Luckily, the pendulum is starting to swing in the other direction. As the issue of income inequality has become mainstream, many states and cities have begun to implement progressive ideas, such as raising the minimum wage. And just last week, President Obama announced that his administration would be updating the rules for what is believed to be one of the most effective ways to help working Americans — overtime pay.
Like many of our great programs, overtime pay is a product of the New Deal, part of the Fair Labor Standards Act, which established a minimum wage, protections for child labor, and overtime pay. While most hourly workers are eligible for overtime, the law set requirements for salaried workers who may qualify. The idea was that salaried workers with significant clout didn’t need overtime protections, but that those with lesser bargaining power and little ability to control their schedules did.

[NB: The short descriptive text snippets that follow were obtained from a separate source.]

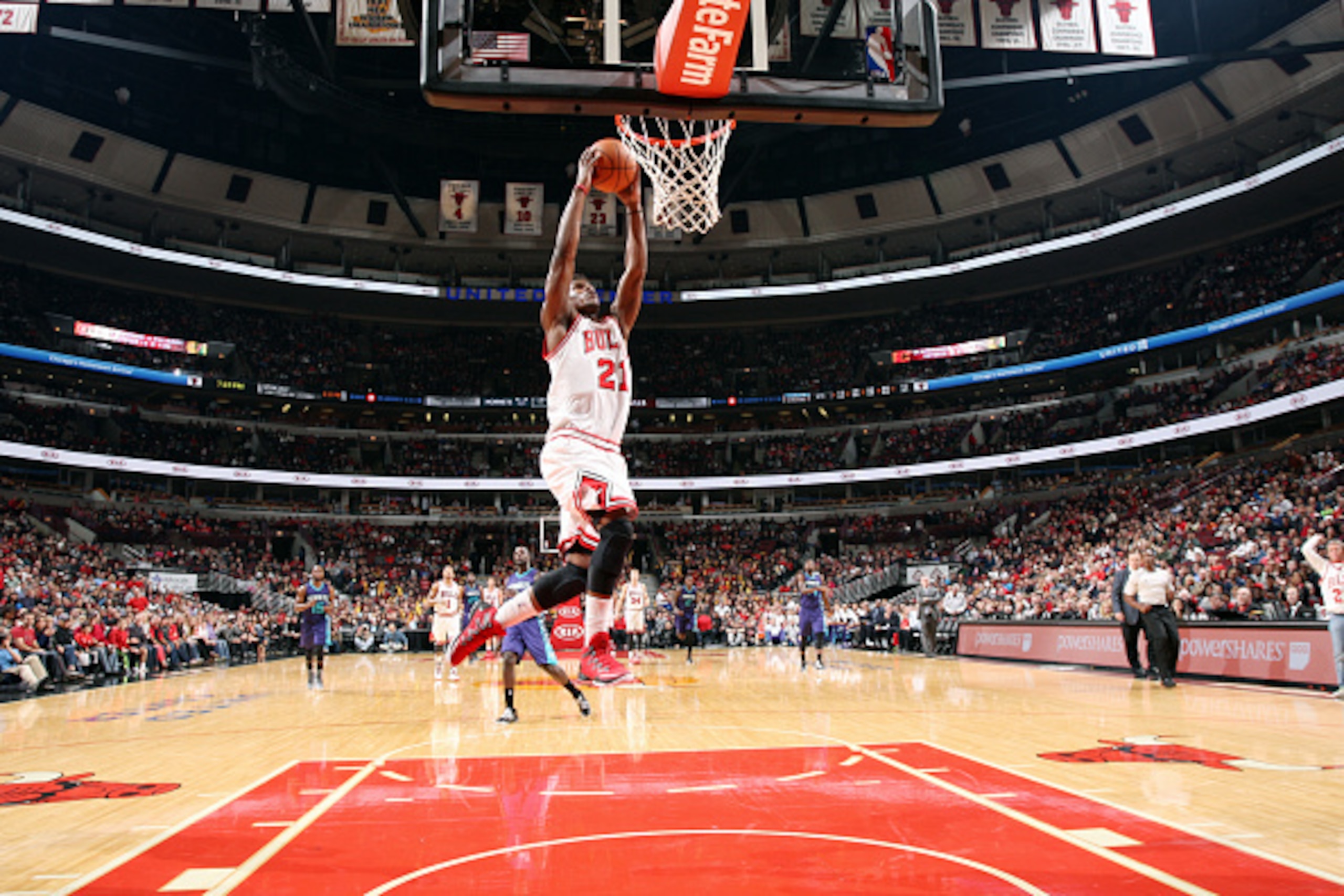 CHICAGO, IL - OCTOBER 19: Jimmy Butler #21 of the Chicago Bulls dunks against the Charlotte Hornets on October 19, 2014 at United Center, Chicago, Illinois. NOTE TO USER: User expressly acknowledges and agrees that, by downloading and or using this Photog CHICAGO, IL - OCTOBER 19: Jimmy Butler #21 of the Chicago Bulls dunks against the Charlotte Hornets on October 19, 2014 at United Center, Chicago, Illinois. NOTE TO USER: User expressly acknowledges and agrees that, by downloading and or using this Photog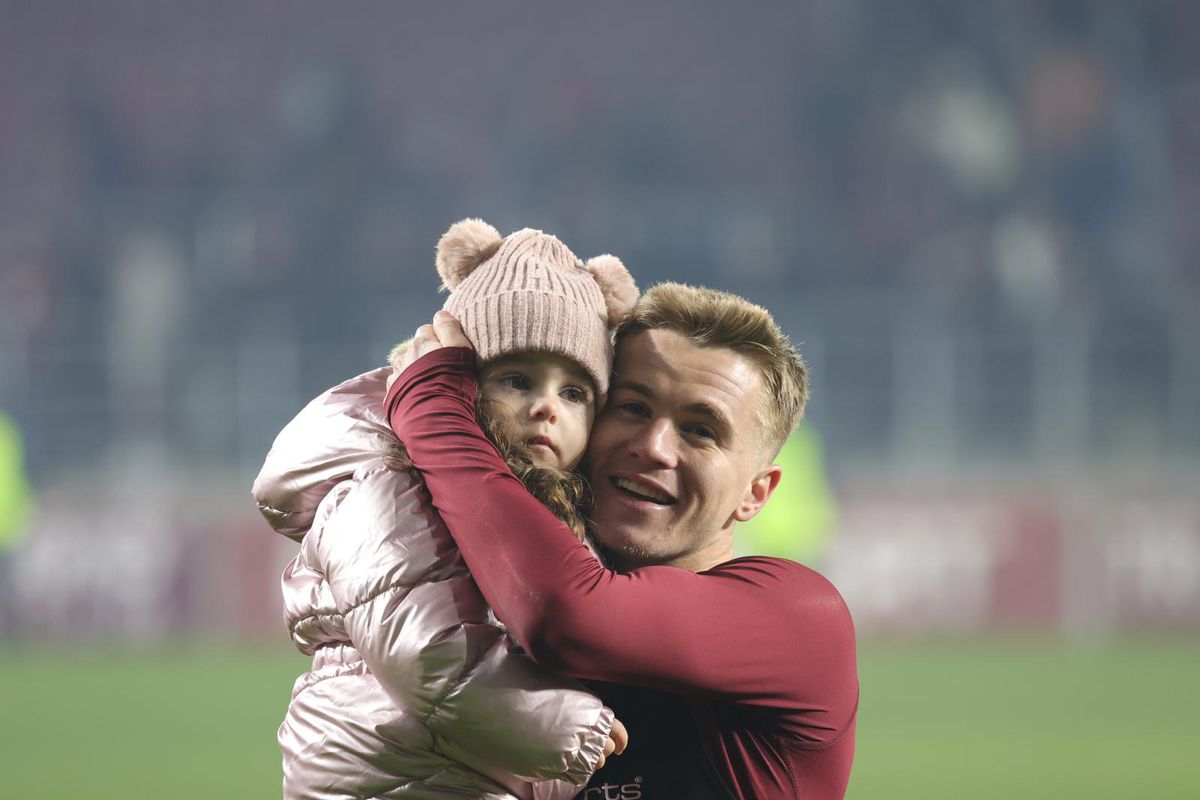 Imagini de la finalul meciului Rapid - Poli Iași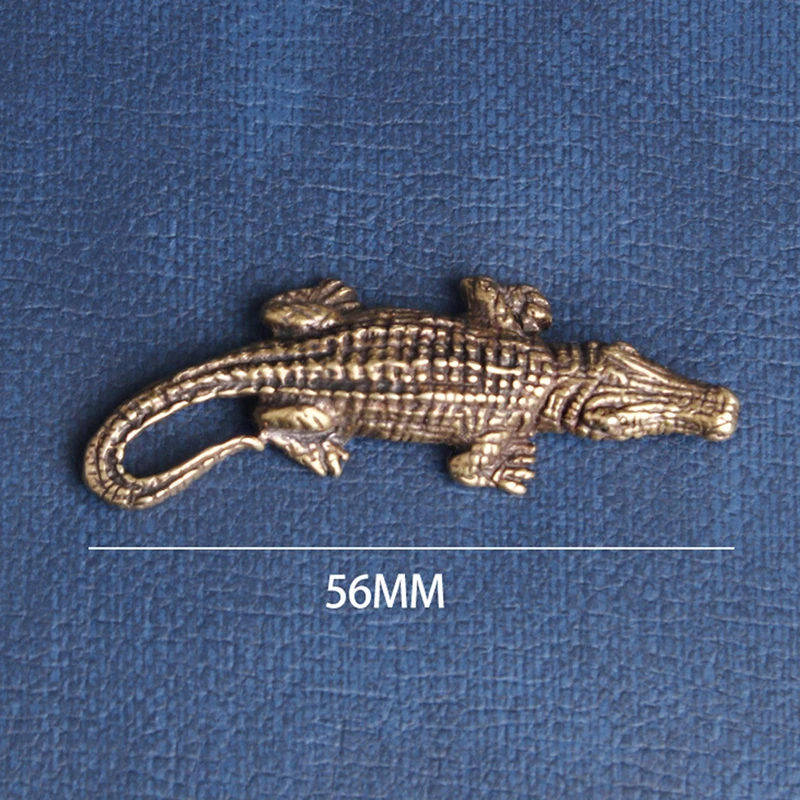 Античный бронзовый маленький статуя крокодила домашние украшения Ретро Медные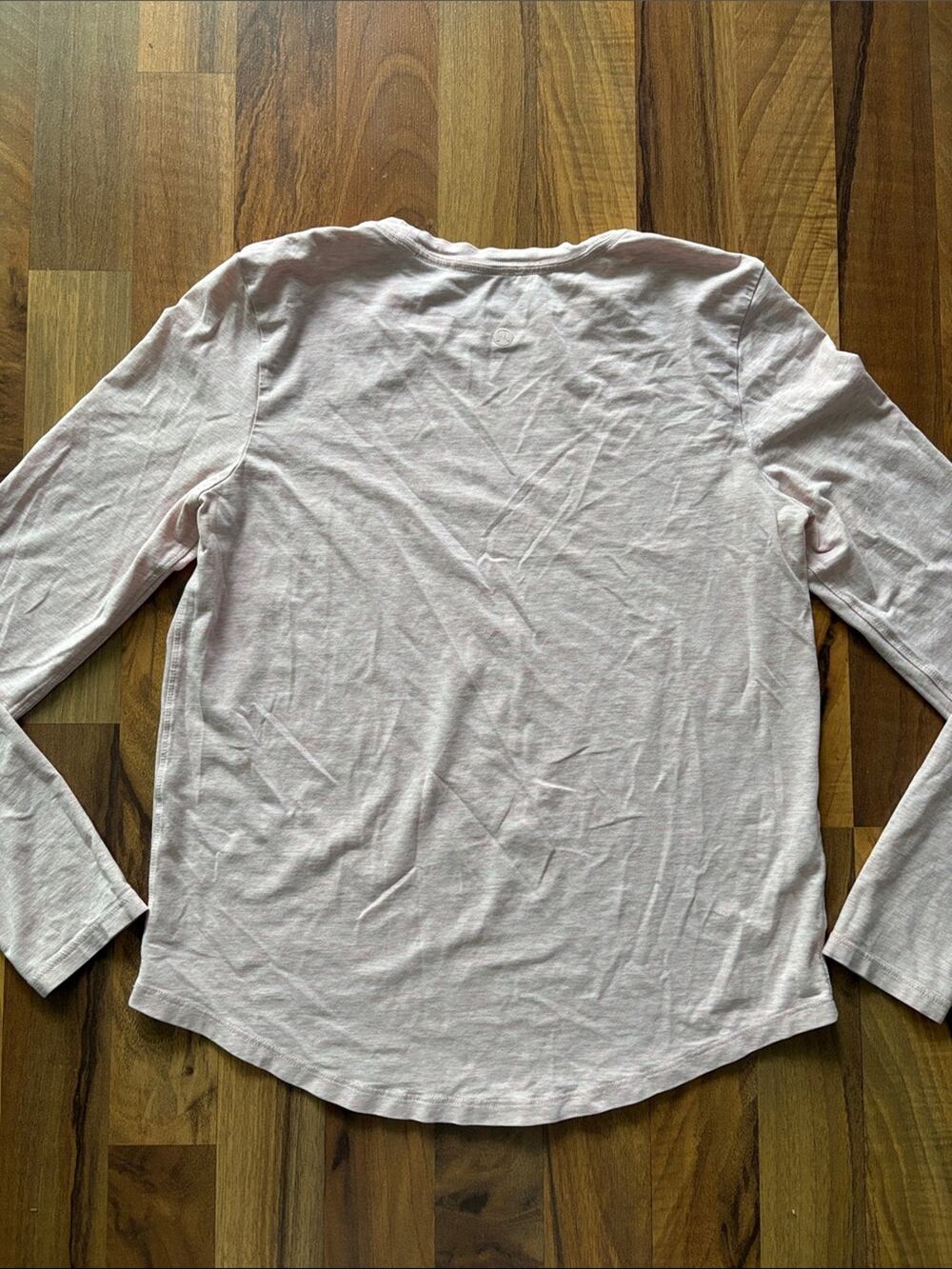lululemon athletica Light Pink Long-Sleeve Women's Tee no size tag(fits like S)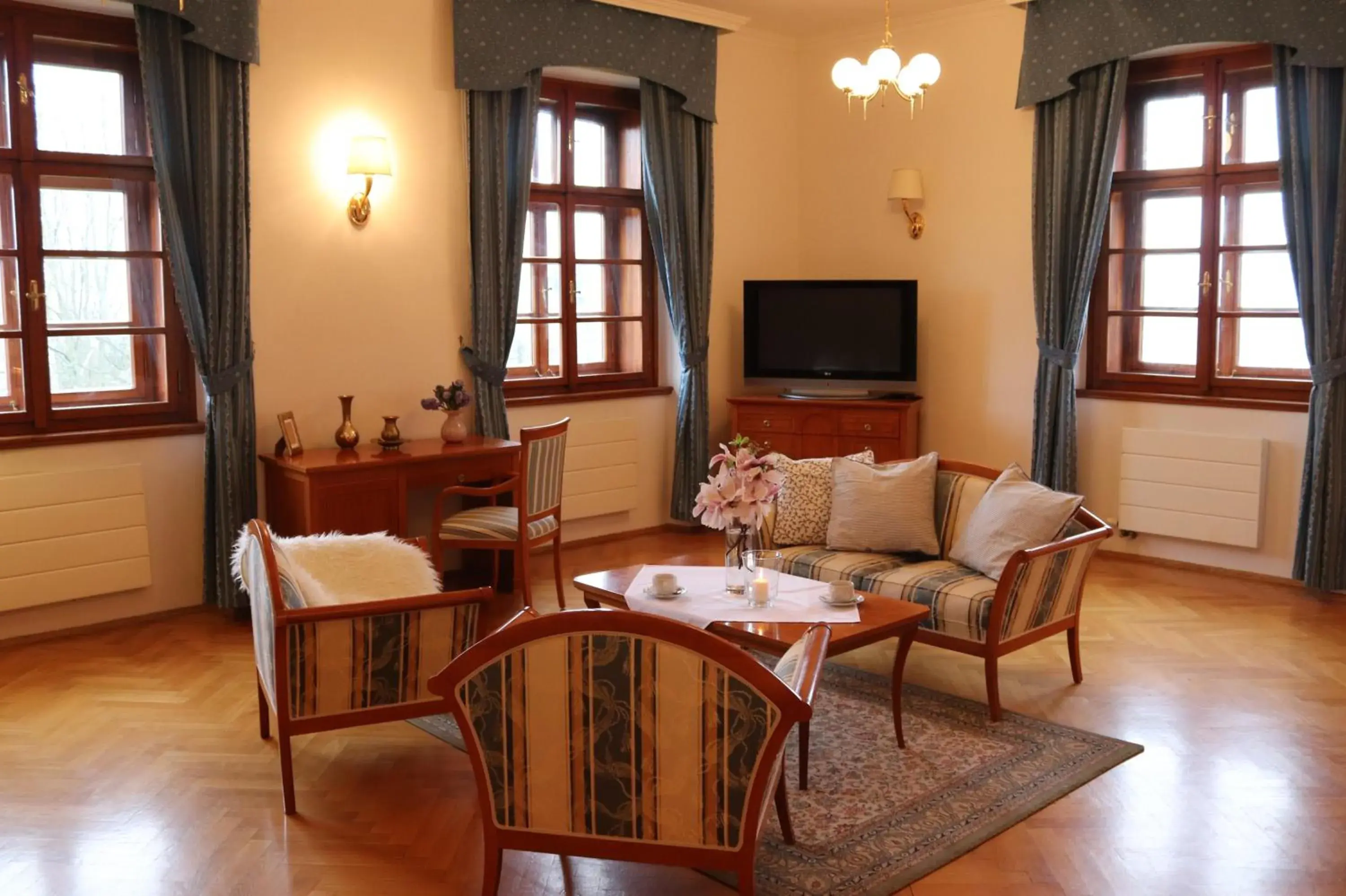 Deluxe Double Room in Wellness Hotel Zámeček Deluxe Double Room in Wellness Hotel Zámeček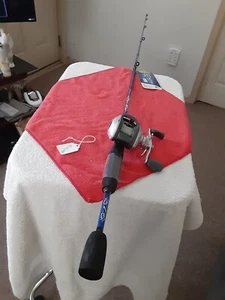 New Baitcasting Fishing Rod ZEBCO 5'Ultra Light 6lb And Reel Bass Pro Shops - Picture 1 of 12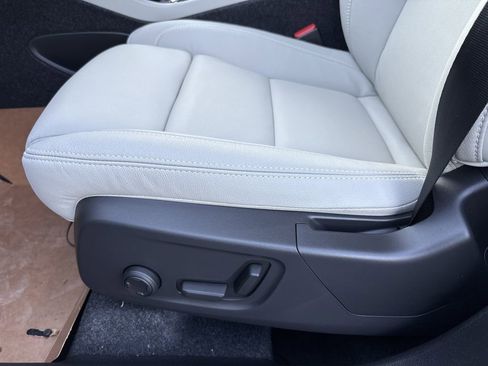 New 2026 Volvo XC40 B5 Ultra image 8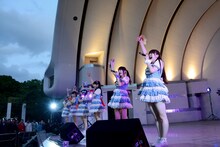 本日5月8日に東京・代々木公園野外ステージにて開催された「palet ～Keep on Lovin' You ファン感謝祭 FREE LIVE＠YOYOGI～」の様子。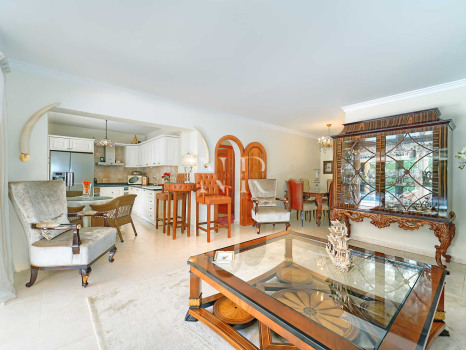 Villa on Marbella's Golden Mile for sale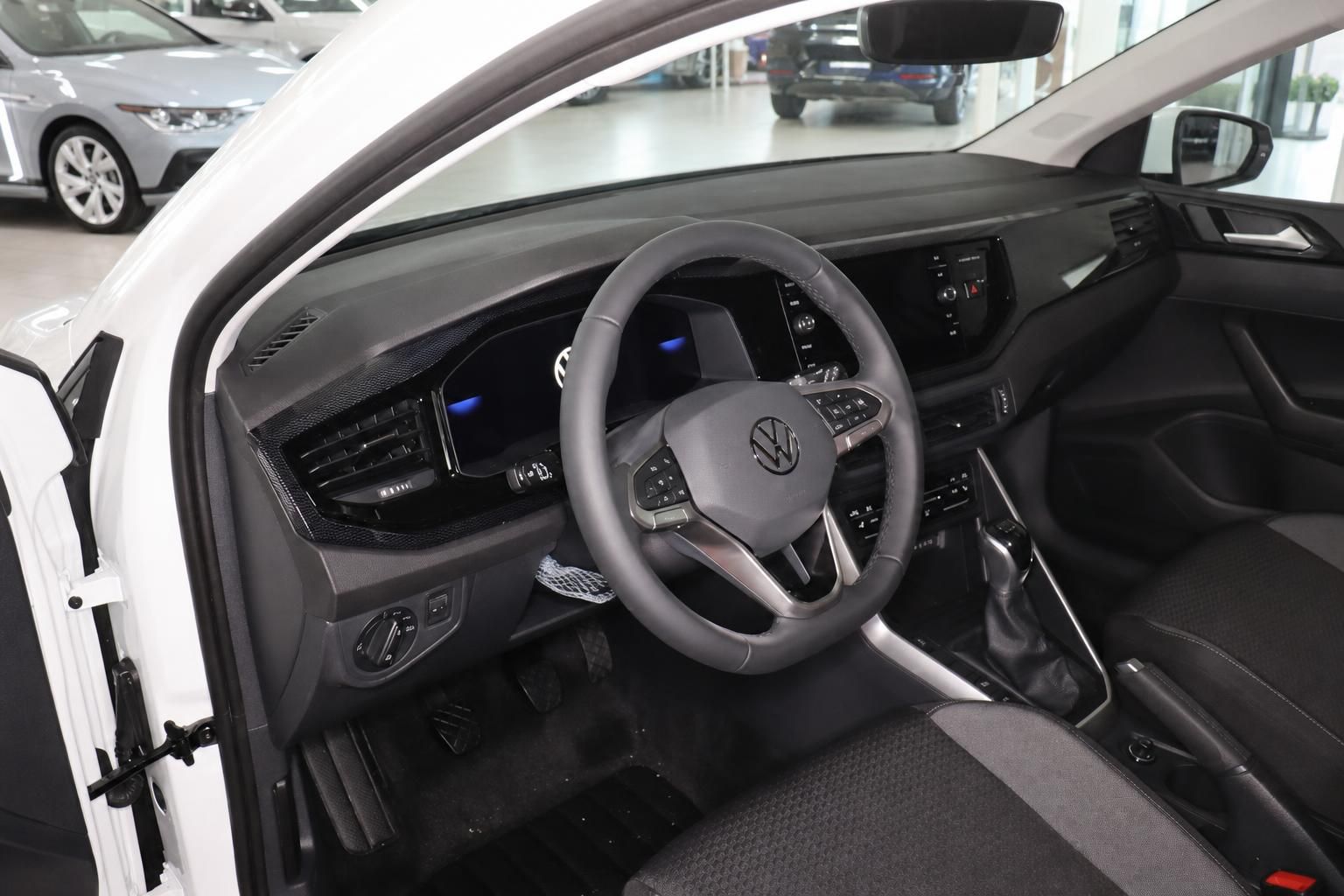 VW Polo Innenraum mit Cockpit und Lenkrad Ansicht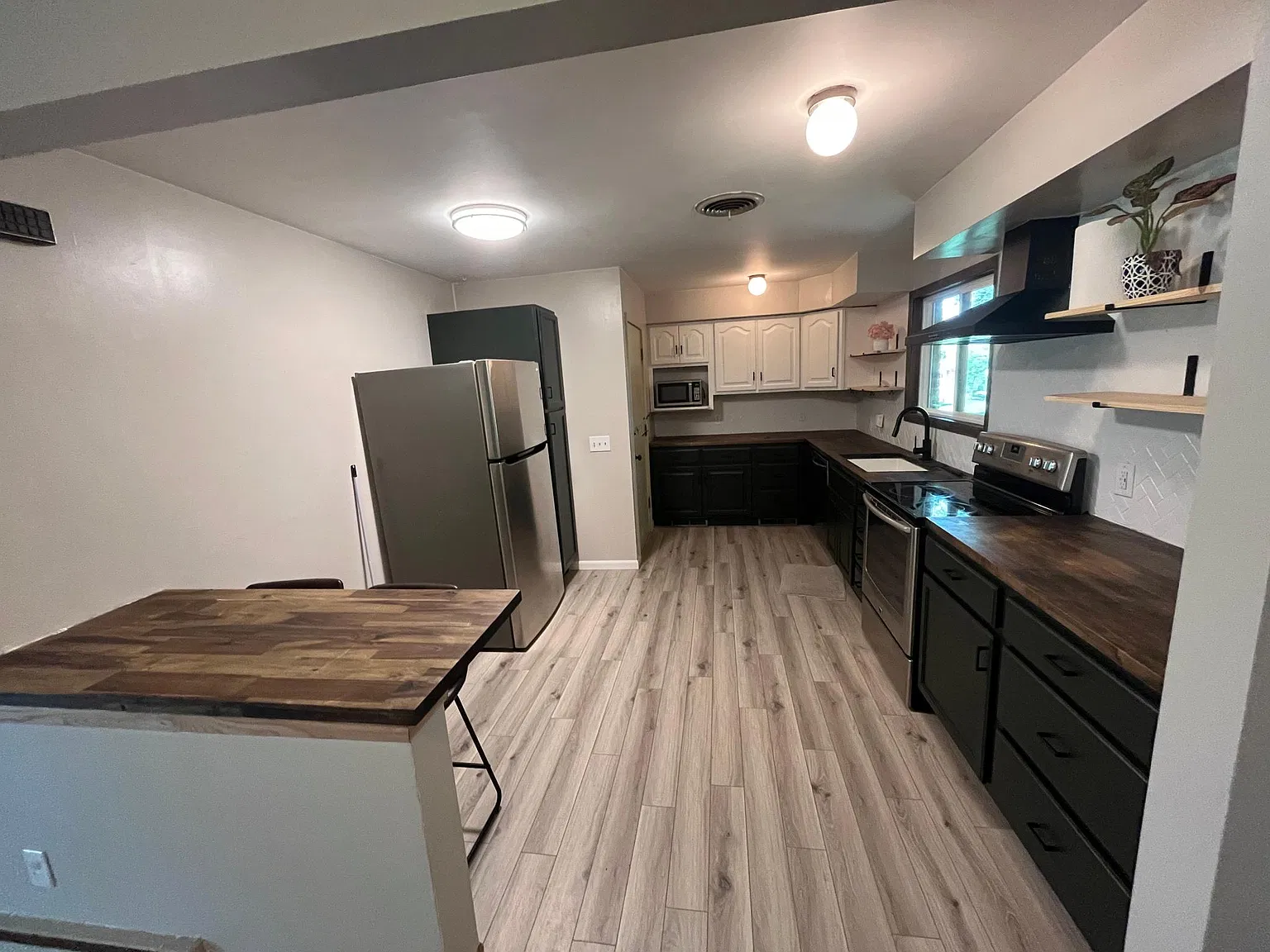 1916 McDonald Dr — Photo 4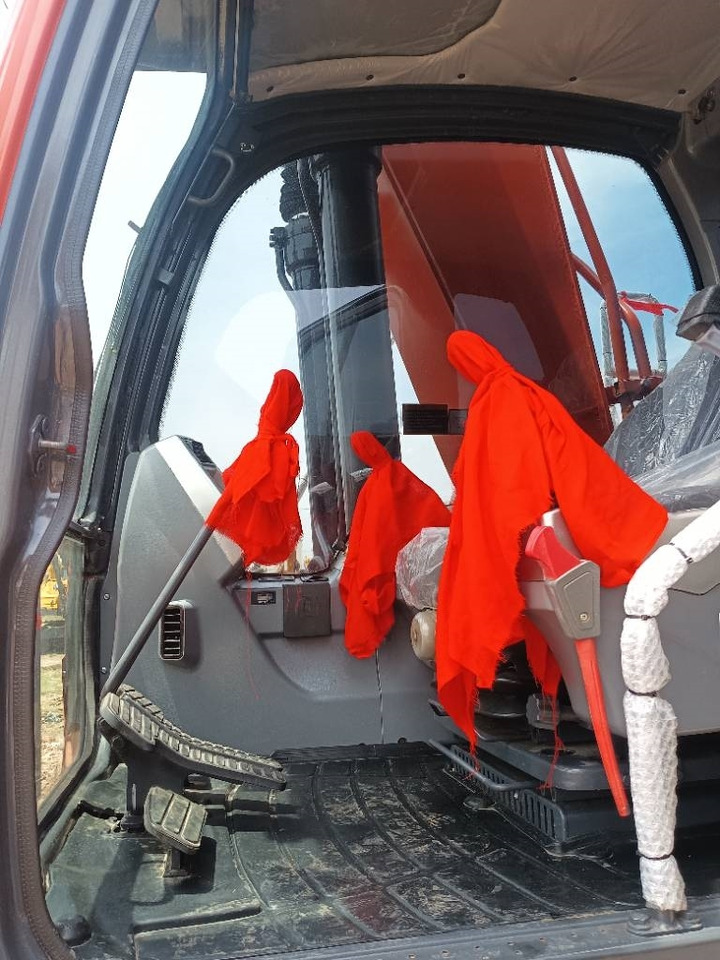 Doosan DX 300 - Excavadora de cadenas: foto 5 Doosan DX 300 - Excavadora de cadenas: foto 5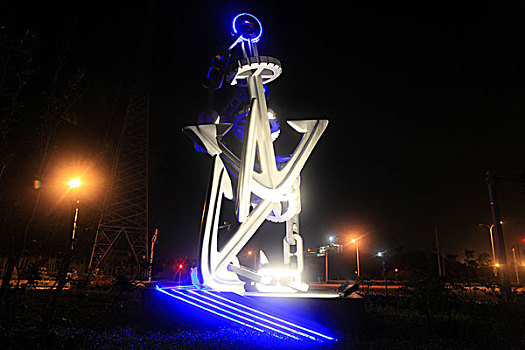 舟山标志性雕塑锚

Salaried workers’ eligibility for overtime depends on their incomes and the nature of their duties. Those earning below a certain income threshold are guaranteed overtime pay, while those earning above the threshold and spending a significant amount of time completing executive, administrative, or professional duties, known as the “white-collar exemption”, are exempt from overtime protections. In 1975, 62 percent of salaried workers fell below the threshold and were eligible for overtime pay.
As time has passed, federal regulations have not kept pace with inflation or our changing economy. The current salary threshold is $23,660, and applies to only 8 percent of the nation’s salaried workers. This threshold is below the federal poverty level for a family of four. This means that workers earning just above the threshold can work 60-70 hours a week without any additional compensation. These workers are lower level managers, associates, and clerks at businesses across the country. They may spend a small fraction of their time working on executive, administrative, or professional tasks, and the majority of it stocking shelves, ringing up customers, or doing maintenance. They have little choice but to accept the extra hours their supervisors give them.
When word got out that the Obama administration and the Department of Labor were considering updating the income threshold, I wrote a letter to the president and asked him and the Department of Labor to ‘take bold action.’
I’m pleased to see that they have done just that, as the Department of Labor intends to raise the salary threshold for overtime pay from $23,660 to $50,440. When the final rule is implemented in the next several months, overtime pay will be expanded to an additional 5 million working Americans, and put $1.2 billion in workers’ pockets.
Far too many are working harder without seeing the rewards. This new rule will begin to even the scale, which has been tipping in the wrong direction for decades.
It’s about time, because no matter what Jeb Bush thinks, Americans don’t need more hours, they need an economic system that works for them.
Mark Takano is the U.S. Representative for California’s 41st District.